Linear system of equations and PDEs
SDGs

Contributors
Infosys
Origins of Contributors

Impact/context
Deep geothermal energy and geological CO₂ sequestration (carbon capture and storage, CCS) are key technologies for achieving global decarbonisation, but both depend on accurately simulating complex fluid and heat transport processes within subsurface porous geological formations, processes which are currently slow and computationally expensive when including models for uncertainty quantification. This limitation delays project development, increases costs, and reduces investor and regulatory confidence. CCS is essential for reducing emissions in hard-to-abate industries.
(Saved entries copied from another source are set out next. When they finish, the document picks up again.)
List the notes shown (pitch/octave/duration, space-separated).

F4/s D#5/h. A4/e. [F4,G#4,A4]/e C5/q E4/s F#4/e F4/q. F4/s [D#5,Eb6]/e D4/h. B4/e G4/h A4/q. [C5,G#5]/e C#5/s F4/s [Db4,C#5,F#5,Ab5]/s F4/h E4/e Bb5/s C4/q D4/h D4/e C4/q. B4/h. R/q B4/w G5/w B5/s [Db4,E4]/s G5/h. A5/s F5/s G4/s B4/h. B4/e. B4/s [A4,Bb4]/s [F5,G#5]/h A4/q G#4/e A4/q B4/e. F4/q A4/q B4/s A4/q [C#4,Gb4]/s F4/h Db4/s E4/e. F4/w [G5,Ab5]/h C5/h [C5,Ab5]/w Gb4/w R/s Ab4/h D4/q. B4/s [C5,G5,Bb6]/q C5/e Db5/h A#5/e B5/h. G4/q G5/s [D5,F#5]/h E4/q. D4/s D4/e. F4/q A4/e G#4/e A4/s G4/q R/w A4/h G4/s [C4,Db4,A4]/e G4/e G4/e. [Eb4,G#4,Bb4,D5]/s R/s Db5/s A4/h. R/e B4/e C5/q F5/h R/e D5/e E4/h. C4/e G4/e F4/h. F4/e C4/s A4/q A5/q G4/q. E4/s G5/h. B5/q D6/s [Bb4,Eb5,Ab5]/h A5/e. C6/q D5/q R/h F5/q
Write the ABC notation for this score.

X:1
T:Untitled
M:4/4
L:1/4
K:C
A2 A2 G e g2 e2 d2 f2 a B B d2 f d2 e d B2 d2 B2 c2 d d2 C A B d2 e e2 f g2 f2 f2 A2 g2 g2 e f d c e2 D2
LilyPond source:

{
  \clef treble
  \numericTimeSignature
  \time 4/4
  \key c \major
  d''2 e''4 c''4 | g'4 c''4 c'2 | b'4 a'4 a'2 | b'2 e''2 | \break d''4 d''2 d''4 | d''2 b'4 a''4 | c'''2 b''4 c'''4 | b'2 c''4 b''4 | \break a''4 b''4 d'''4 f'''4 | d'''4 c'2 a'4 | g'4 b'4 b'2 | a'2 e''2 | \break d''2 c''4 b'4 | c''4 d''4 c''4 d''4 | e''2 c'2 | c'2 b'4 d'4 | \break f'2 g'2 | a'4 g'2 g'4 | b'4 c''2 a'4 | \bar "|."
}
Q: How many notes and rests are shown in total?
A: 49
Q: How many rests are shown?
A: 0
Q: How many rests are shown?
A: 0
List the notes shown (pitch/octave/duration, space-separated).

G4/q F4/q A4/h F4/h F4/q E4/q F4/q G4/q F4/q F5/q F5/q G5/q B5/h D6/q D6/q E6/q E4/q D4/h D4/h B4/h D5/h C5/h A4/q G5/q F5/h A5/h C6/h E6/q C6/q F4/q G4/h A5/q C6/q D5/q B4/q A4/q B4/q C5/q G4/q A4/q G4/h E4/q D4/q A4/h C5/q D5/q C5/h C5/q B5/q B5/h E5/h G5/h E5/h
Meanwhile geothermal energy offers a stable, renewable baseload, particularly in regions with limited solar or wind resources.
These technologies support multiple sustainability goals, including clean energy (SDG 7), climate action (SDG 13), and infrastructure development (SDG 9), and are especially relevant for industrial communities and countries with strong geothermal or CCS potential. Improving simulation of these subsurface reservoir systems capabilities could accelerate deployment, reduce risks, and play a crucial role in advancing the global transition to net-zero emissions.
How quantum could help
Quantum computing could offer potential acceleration in three critical subproblems: PDE solving, inversion and uncertainty quantification. In the first case, the complex multiphase flow equations of subsurface porous media systems could, in the future, benefit from quantum linear system algorithms such as variants of the Harrow–Hassidim–Lloyd (HHL) algorithm in an FTQC regime under specific sparsity/conditioning assumptions. While NISQ devices are insufficient for full-scale PDE solvers at the moment, future fault-tolerant hardware may enable large-scale reservoir simulations not currently tractable on classical HPC. In the second case, Quantum Monte Carlo and Quantum Amplitude Estimations could be used to reduce sampling-based overheads in uncertainty quantification, particularly in Bayesian inversion tasks for reservoir parameter estimation (i.e. permeability fields, probability estimation). In principle these methods could provide a quadratic speedup, but in reality any gains in the near-term will be problem specific and on toy-scale sized models, given the complexity of these reservoir systems. In the third case, quantum optimization approaches could be explored for well placement and injection/extraction strategy design, which are combinatorial optimization problems that could potentially be formulated on NISQ hardware today.